WHAT THE TASK ASKS: Within the entries below, output exactly the lines between the line containing "Rootsmann Lockerkast Zwart" and the line containing "Garlic Parmesan Chicken Pasta", inclusive, and omit any picture.

INPUT FOR THIS TASK:
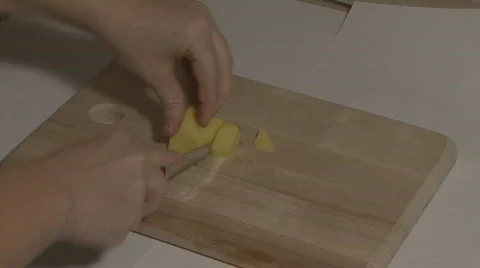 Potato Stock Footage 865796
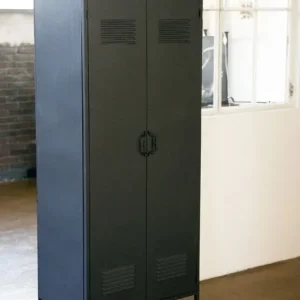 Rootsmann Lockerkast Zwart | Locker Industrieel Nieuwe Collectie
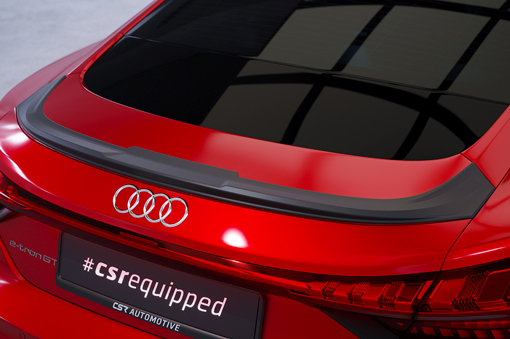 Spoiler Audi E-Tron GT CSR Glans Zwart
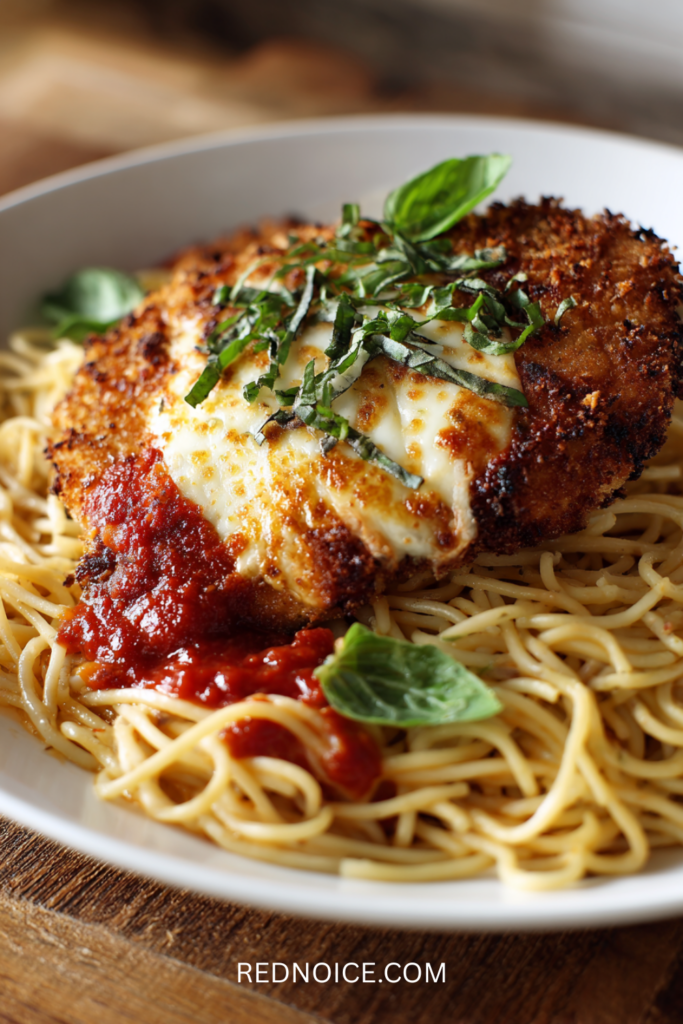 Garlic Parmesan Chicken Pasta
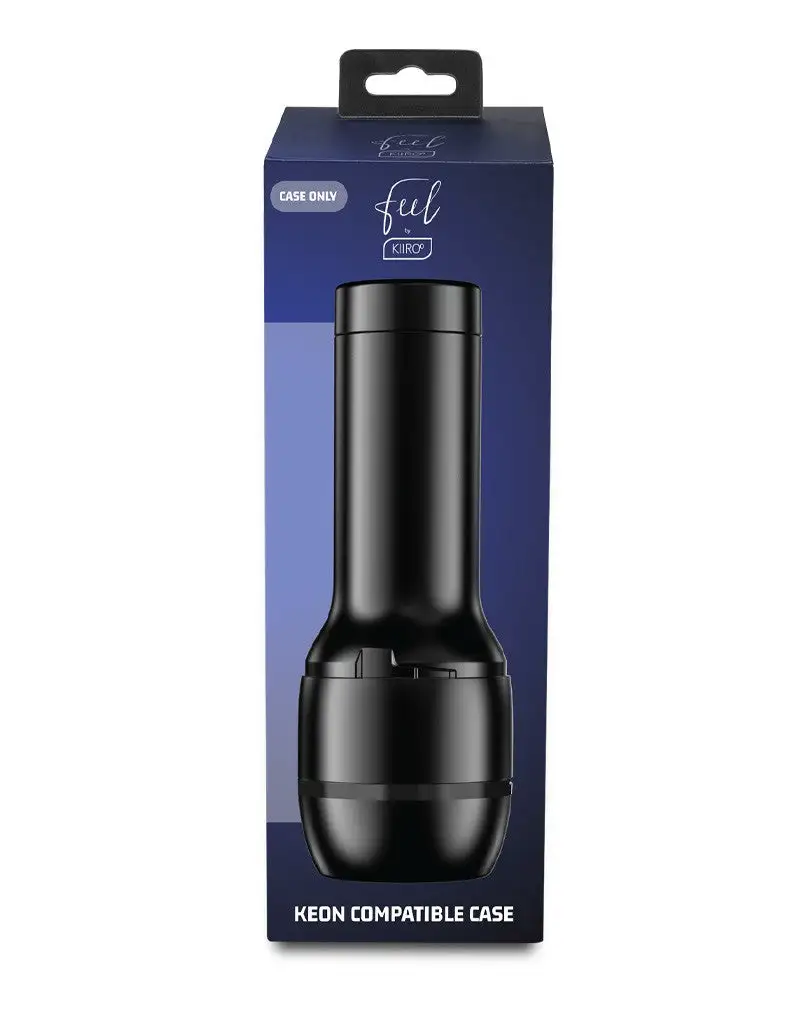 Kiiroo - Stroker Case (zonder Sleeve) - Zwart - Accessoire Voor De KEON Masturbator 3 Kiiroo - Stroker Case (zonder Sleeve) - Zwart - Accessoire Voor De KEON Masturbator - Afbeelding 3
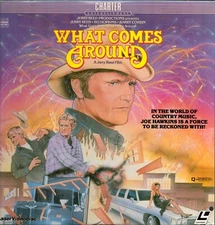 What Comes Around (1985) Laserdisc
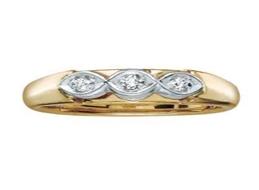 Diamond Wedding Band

==

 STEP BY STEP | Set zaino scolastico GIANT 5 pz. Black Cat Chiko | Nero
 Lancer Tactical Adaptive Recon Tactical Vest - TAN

RESPONSE AREA:
 Rootsmann Lockerkast Zwart | Locker Industrieel Nieuwe Collectie
 Spoiler Audi E-Tron GT CSR Glans Zwart
 Garlic Parmesan Chicken Pasta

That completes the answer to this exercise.